This essay was originally written in April 2021 for a course on Public Memory, during my work toward an MA degree in Cultural Studies at the University of Winnipeg.
Precis
I begin this research essay by considering how Cooper's practice (both scholarly and as a poet) relates to memory studies. In the second part of the essay, I examine several of Afua Cooper's poems from the 2020 book Black Matters as examples of "counternarrative" (Cooper "Constructing" 45-46). I will argue that these counternarratives enacts historical events of diasporic Black life (in Canada, the Caribbean and elsewhere) as lived experiences, in a direct response to the erasure of that life by the forgetting machine of white settler colonialism. My general methodological approach will be interdisciplinary, linking literary studies, cultural studies and memory studies, with attention paid to the intersectionality (Black, feminist, decolonial) of Afua Cooper's poetry practice. My main method of data collection will be textual analysis, although I will touch on an example of Cooper's recorded poetry as well, and will make her work's performative aspects part of my analysis.
The Essay
I began considering Afua Cooper's poetry, specifically those poems which source history and memory, as a potential object of analysis when I attended her virtual poetry reading of 4 February 2021 ("Black Writing"). During the question and answer session following her reading, Cooper said that Black lived experience could be better conveyed through poetry or fiction, rather than through nonfiction, simply because there is so little Black presence in the historical archives, and when there is, it is often filtered through the words of the white dominating classes. She related this to Aimé Césaire's concept of the "forgetting machine" of colonialism (Tinguely). It's an indication of Cooper's longstanding concern with history and memory. Consider her choice of title for her 1992 collection, Memories Have Tongue. It takes its title from a poem in which she revisits the memories of her grandmother, as a means of probing aspects of Jamaica's cultural and social history ("Memories").

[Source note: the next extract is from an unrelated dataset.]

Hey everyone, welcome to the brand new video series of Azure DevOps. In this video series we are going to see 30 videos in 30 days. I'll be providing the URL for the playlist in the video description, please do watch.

I first heard one of Afua Cooper's poems in the late 1980s, when I was deejaying a radio show on Halifax's CKDU FM. I selected "Christopher Columbus" from a cassette intriguingly entitled Your Silence Will Not Protect You, which featured a heady mix of Indigenous and Black poets and musicians from Canada and beyond. Cooper's piece, dub poetry delivered with backing percussion, addressed the extermination of the Indigenous Arawak population of Jamaica in the early phases of colonialism.
In the poem, she speaks of her experience as "a little girl in grade four," a Jamaican child learning the sanitized, heroic version of the Columbus story, and contemplating the marble statue of Columbus that "stands on the hill facing the sea," commemorating the "discovery" of Jamaica in 1494.
His hand rests on the hilt of the sword
I walk beneath the statue
His feet crush my brain
His sword cuts open my womb
I flee I flee
From beneath his shadow
Leaving my blood on the ground
Then she writes from the perspective of a young woman now living in Canada of the late 1980s. On revisiting Jamaica, she says, "I look again at the statue, and marvel that even today we still honour our conqueror" ("Christopher Columbus").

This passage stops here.